Short text fragments from websites:
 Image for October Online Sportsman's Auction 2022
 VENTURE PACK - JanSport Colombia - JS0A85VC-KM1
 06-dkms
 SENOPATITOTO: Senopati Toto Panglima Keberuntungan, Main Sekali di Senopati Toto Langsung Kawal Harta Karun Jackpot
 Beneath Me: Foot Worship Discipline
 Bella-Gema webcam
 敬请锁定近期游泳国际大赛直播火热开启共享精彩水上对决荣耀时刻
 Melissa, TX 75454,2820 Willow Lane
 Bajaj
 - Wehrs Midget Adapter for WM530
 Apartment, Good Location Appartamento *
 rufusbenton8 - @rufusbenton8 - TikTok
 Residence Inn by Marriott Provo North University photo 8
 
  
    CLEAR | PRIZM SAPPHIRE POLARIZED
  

- _Work item_:
The line containing "Apartment, Good Location Appartamento *" and all lines after it, to the end of the records, are to be output exactly and alone.

- _Result of this task_:
 Apartment, Good Location Appartamento *
 rufusbenton8 - @rufusbenton8 - TikTok
 Residence Inn by Marriott Provo North University photo 8
 
  
    CLEAR | PRIZM SAPPHIRE POLARIZED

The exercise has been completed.